━━ GIVEN DATA
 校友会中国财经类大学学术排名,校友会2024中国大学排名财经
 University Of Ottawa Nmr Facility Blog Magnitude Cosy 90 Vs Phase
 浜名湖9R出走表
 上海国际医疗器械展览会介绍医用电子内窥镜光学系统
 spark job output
━━━━
━━ GIVEN DATA
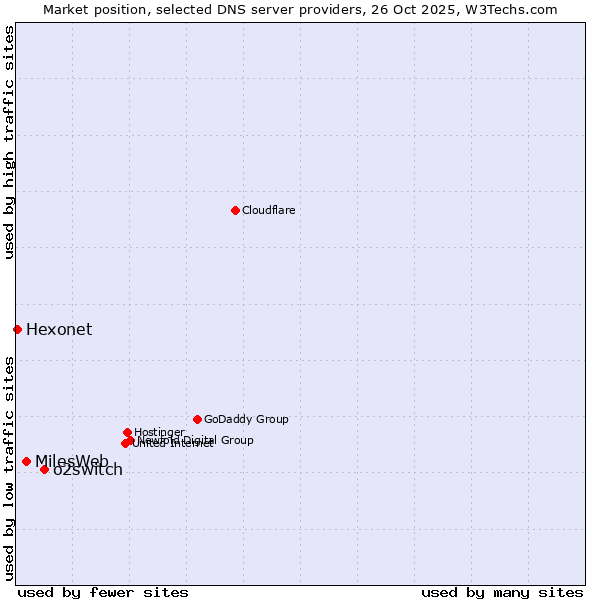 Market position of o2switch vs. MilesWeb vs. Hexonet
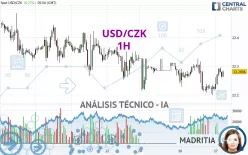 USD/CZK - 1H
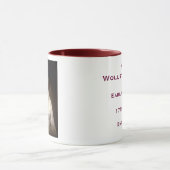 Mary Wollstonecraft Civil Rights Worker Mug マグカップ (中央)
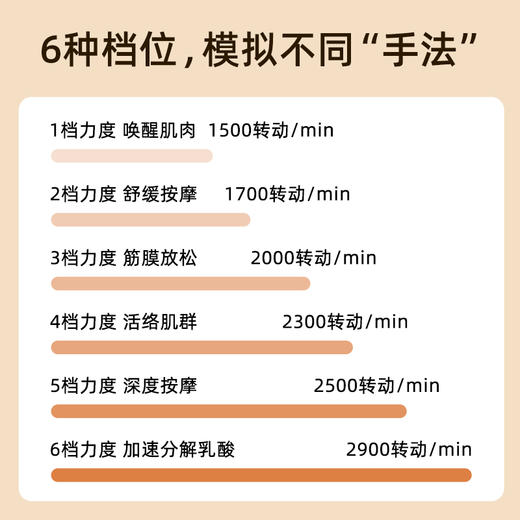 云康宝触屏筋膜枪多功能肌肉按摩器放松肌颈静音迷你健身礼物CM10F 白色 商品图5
━━━━
WORK TASK: Above are records; repeat only the lines from the line with "USD/CZK - 1H" through the line with "云康宝触屏筋膜枪多功能肌肉按摩器放松肌颈静音迷你健身礼物CM10F 白色 商品图5", and leave pictures out.

RESULT BELOW:
 USD/CZK - 1H
 Mary Wollstonecraft Civil Rights Worker Mug マグカップ (中央)
 云康宝触屏筋膜枪多功能肌肉按摩器放松肌颈静音迷你健身礼物CM10F 白色 商品图5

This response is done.